- Bika Location in Punjab, India Bika Bika (India)
- Coordinates: 31°09′22″N 75°56′54″E﻿ / ﻿31.1561788°N 75.9483576°E
- Country: India
- State: Punjab
- District: Shaheed Bhagat Singh Nagar

Government
- • Type: Panchayat raj
- • Body: Gram panchayat
- Elevation: 254 m (833 ft)

Population (2011)
- • Total: 771
- Sex ratio 363/408 ♂/♀

Languages
- • Official: Punjabi
- Time zone: UTC+5:30 (IST)
- PIN: 144509
- Telephone code: 01884
- ISO 3166 code: IN-PB
- Post office: Khankhana
- Website: nawanshahr.nic.in

= Bika, Nawanshahr =

Bika is a village in Shaheed Bhagat Singh Nagar district of Punjab State, India. It is located 1.6 km away from Mukandpur, 7.9 km from Banga, 19.6 km from district headquarter Shaheed Bhagat Singh Nagar and 112 km from state capital Chandigarh. The village is administrated by Sarpanch an elected representative of the village.

== Demography ==
As of 2011, Bika has a total number of 178 houses and population of 771 of which 363 include are males while 408 are females according to the report published by Census India in 2011. The literacy rate of Bika is 83.74%, higher than the state average of 75.84%. The population of children under the age of 6 years is 82 which is 10.64% of total population of Bika, and child sex ratio is approximately 640 as compared to Punjab state average of 846.
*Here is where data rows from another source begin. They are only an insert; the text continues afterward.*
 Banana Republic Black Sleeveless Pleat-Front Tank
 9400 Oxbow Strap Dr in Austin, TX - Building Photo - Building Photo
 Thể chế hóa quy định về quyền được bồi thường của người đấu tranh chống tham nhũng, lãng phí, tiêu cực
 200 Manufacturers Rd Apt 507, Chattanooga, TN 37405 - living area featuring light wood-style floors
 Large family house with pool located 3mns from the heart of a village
Most of the people are from Schedule Caste which constitutes 68.61% of total population in Bika. The town does not have any Schedule Tribe population so far.
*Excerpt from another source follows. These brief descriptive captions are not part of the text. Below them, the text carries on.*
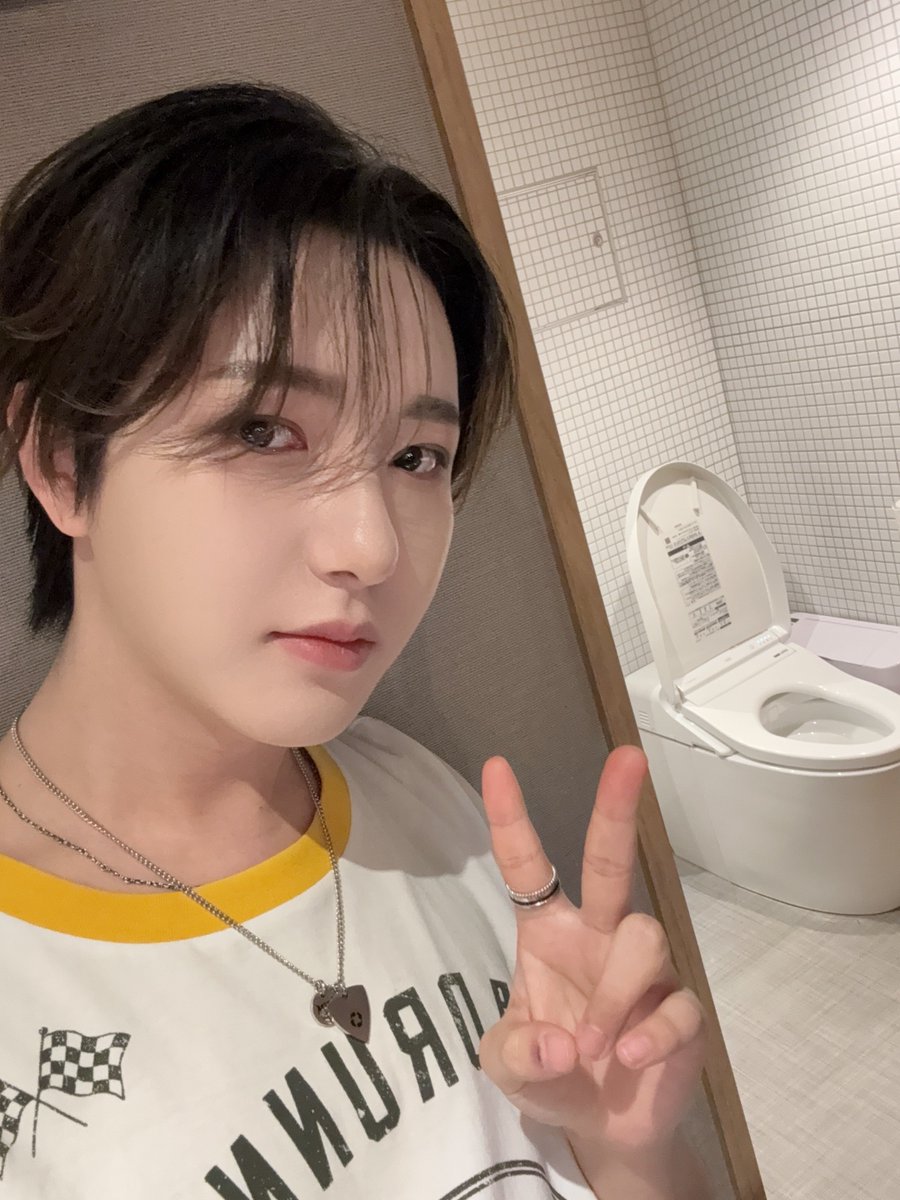 250329 renjun bbl

“toilet shot ㅋㅋㅋㅋㅋㅋㅋ”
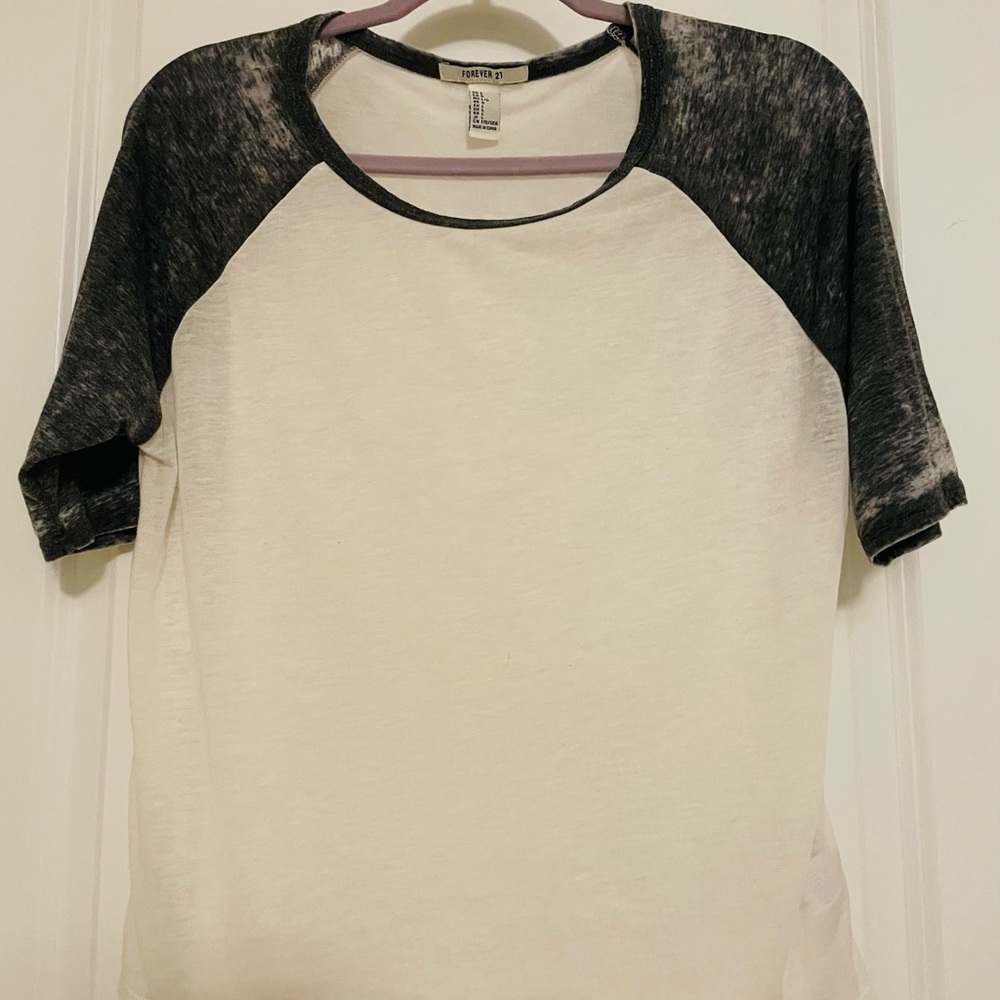 3/4 Sheer Gray Sleeved Baseball Top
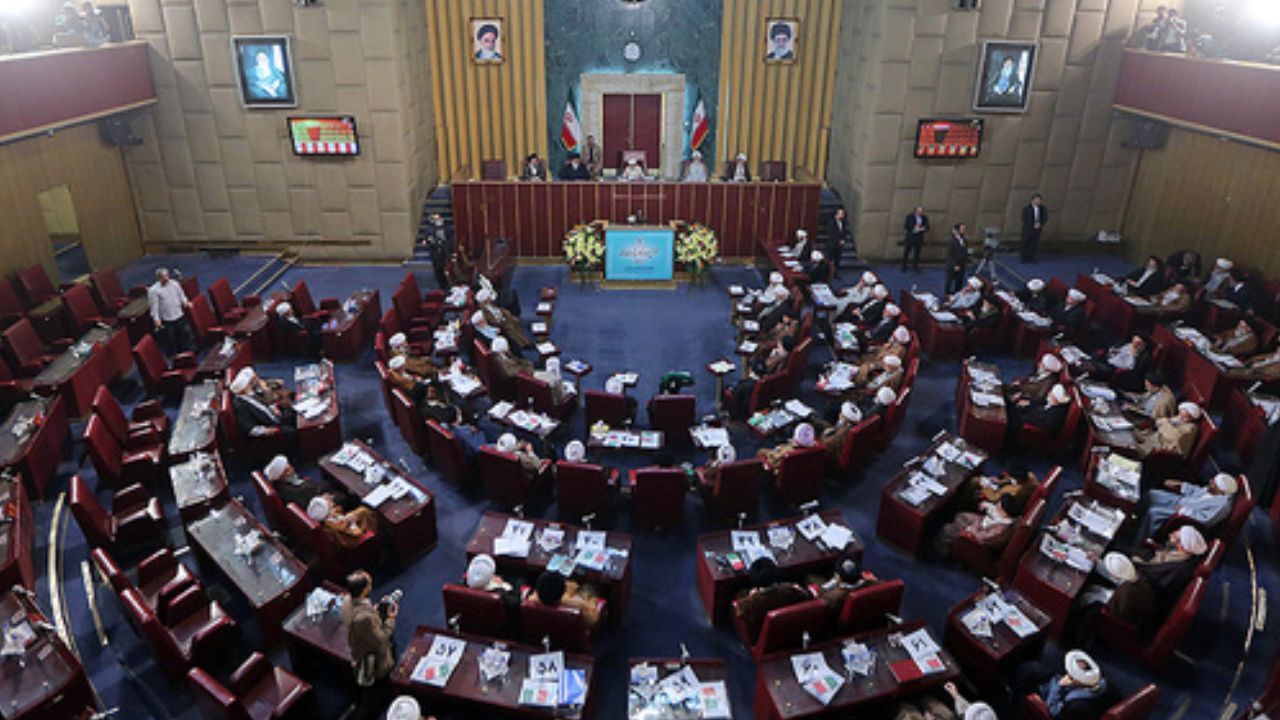 برگزاری اجلاس خبرگان رهبری به تعویق افتاد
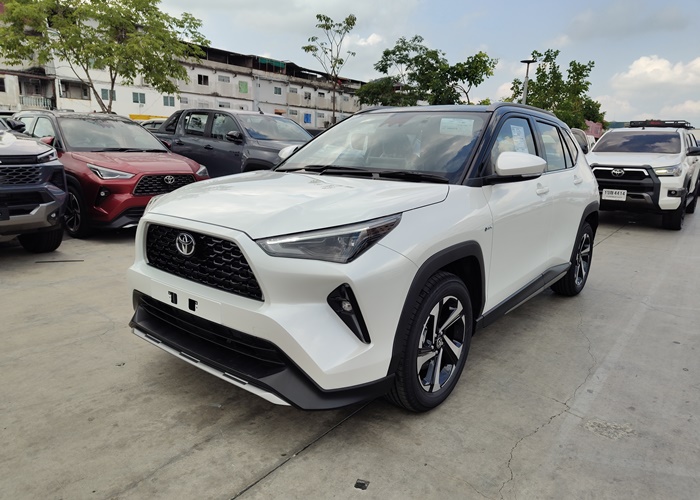 TOYOTA CROSS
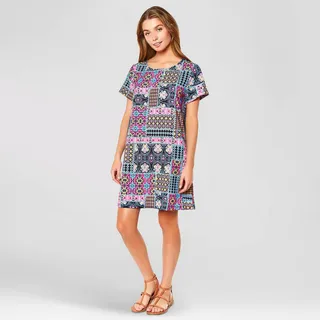 Cap Sleeved Dress - Just because&nbsp;it's time to pack up most of your strapless/spaghetti strap dresses doesn't mean all your dresses are on the chopping block. We suggest opting for a colorblock cap sleeved dress like this one: Target MINKPINK&nbsp;Women's Mixed Print T-Shirt Dress ($59.99).(Photo: MINKPINK)&nbsp;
As per the report published by Census India in 2011, 309 people were engaged in work activities out of the total population of Bika which includes 212 males and 97 females. According to census survey report 2011, 75.08% workers describe their work as main work and 24.92% workers are involved in Marginal activity providing livelihood for less than 6 months.

== Education ==
Amardeep Singh Shergill Memorial college Mukandpur and Sikh National College Banga are the nearest colleges. Lovely Professional University is 36.5 km away from the village.

List of schools nearby:
- Sat Modern Public School, Mangat Dingrian
- Guru Teg Bahadur Model School, Behram
- Guru Ram Dass Public School, Cheta
- Lovely Public School, Pathlawa

== Transport ==
Banga railway station is the nearest train station however, Garhshankar Junction railway station is 25 km away from the village. Sahnewal Airport is the nearest domestic airport which located 57 km away in Ludhiana and the nearest international airport is located in Chandigarh also Sri Guru Ram Dass Jee International Airport is the second nearest airport which is 147 km away in Amritsar.